» **WHAT TO WORK ON**: Look through the entries below for the line with "セルライトと筋肉の関係とは？筋トレで除去・改善ができるかも解説！" and the line with "QEP 62920 Floor", then give again exactly those two lines and all lines between them, minus the pictures.

» **RECORD EXCERPTS**:
== Segment start ==

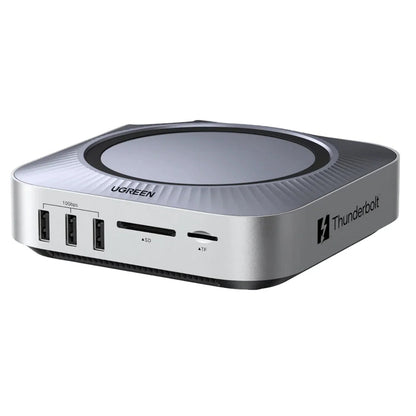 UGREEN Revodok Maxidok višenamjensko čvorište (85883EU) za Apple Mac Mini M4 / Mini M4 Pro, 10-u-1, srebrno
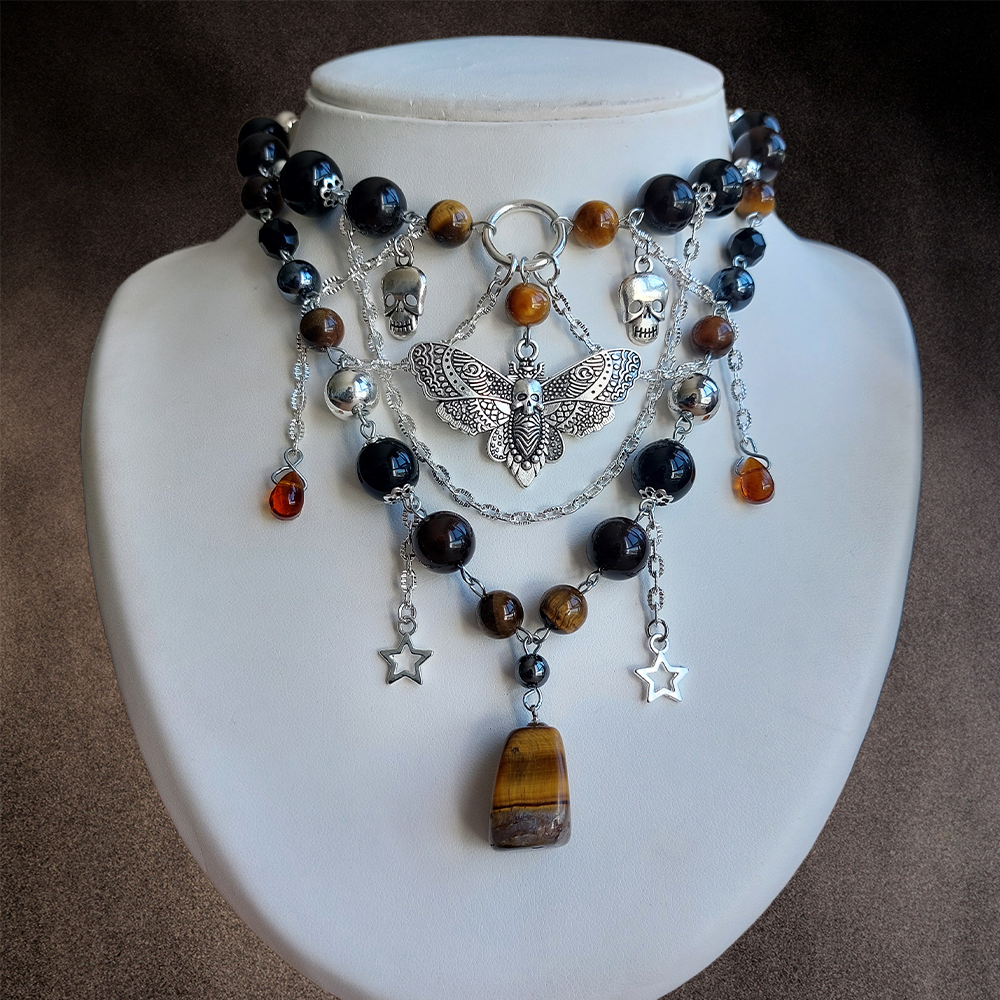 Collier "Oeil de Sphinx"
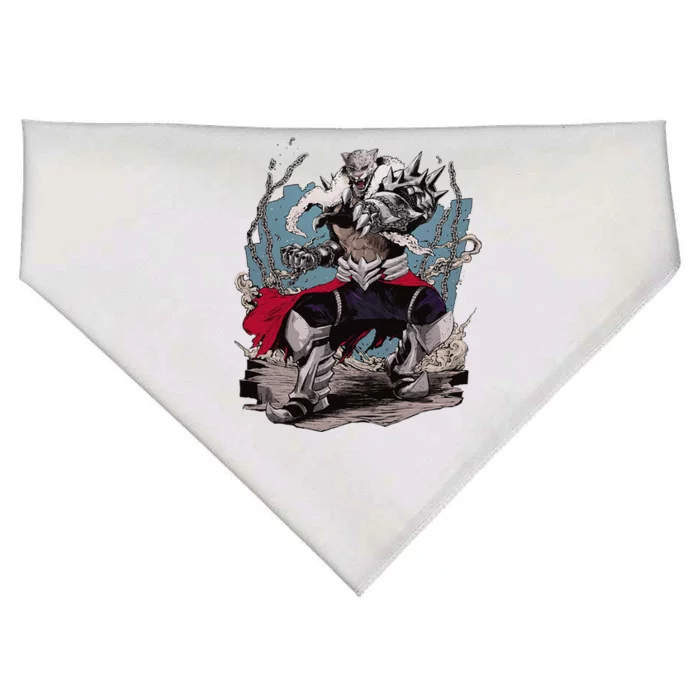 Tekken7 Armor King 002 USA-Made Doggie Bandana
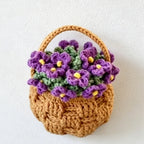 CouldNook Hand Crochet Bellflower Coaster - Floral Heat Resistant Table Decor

== Segment end ==
== Segment start ==

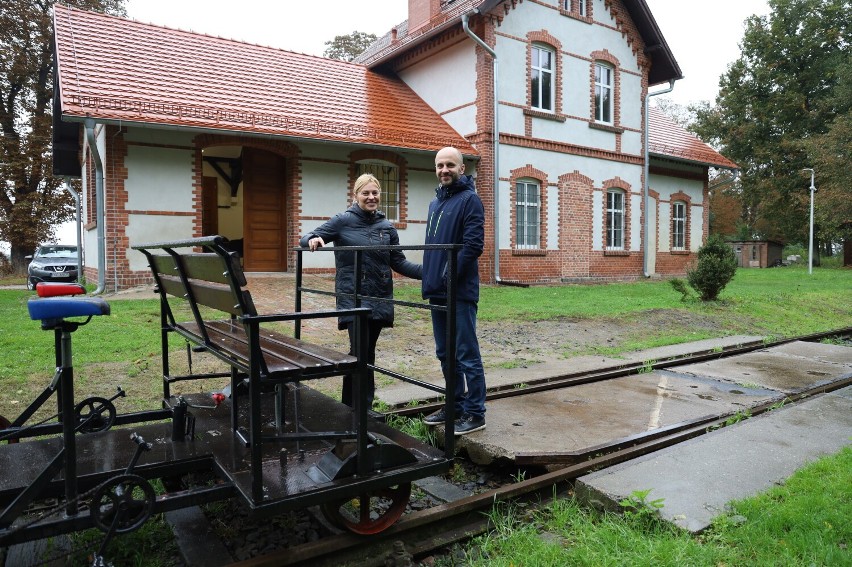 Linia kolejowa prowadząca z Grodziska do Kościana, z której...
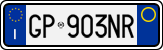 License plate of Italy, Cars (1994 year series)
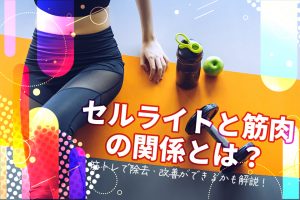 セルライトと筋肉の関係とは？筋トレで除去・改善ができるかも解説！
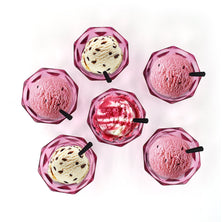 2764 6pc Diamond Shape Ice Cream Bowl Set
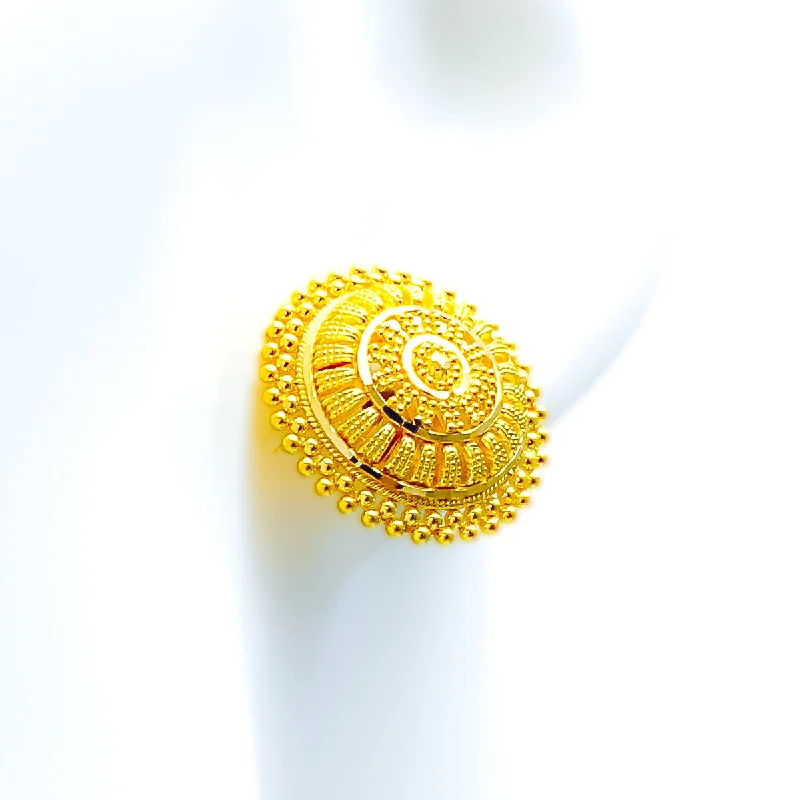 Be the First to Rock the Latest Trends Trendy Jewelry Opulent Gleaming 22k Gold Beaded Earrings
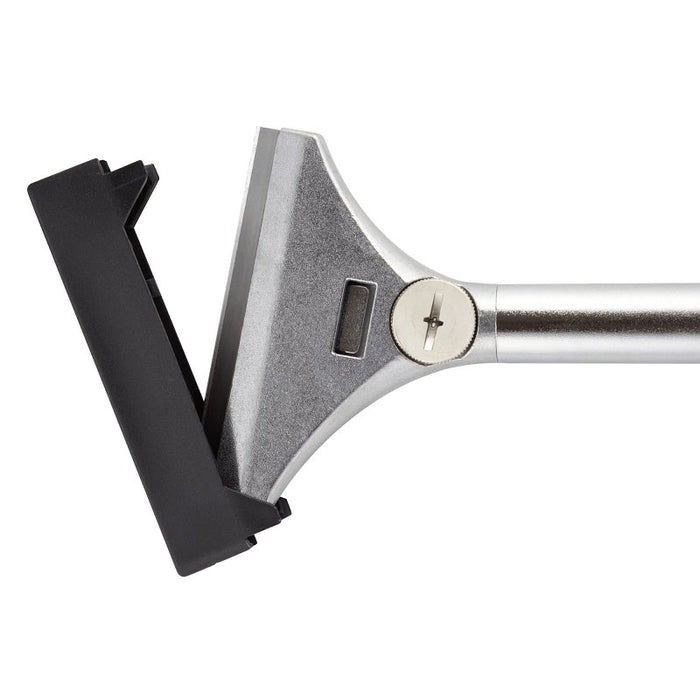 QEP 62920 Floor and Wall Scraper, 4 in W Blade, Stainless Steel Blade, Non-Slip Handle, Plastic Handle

== Segment end ==

» **EXPECTED ANSWER**:
 セルライトと筋肉の関係とは？筋トレで除去・改善ができるかも解説！
 2764 6pc Diamond Shape Ice Cream Bowl Set
 Be the First to Rock the Latest Trends Trendy Jewelry Opulent Gleaming 22k Gold Beaded Earrings
 QEP 62920 Floor and Wall Scraper, 4 in W Blade, Stainless Steel Blade, Non-Slip Handle, Plastic Handle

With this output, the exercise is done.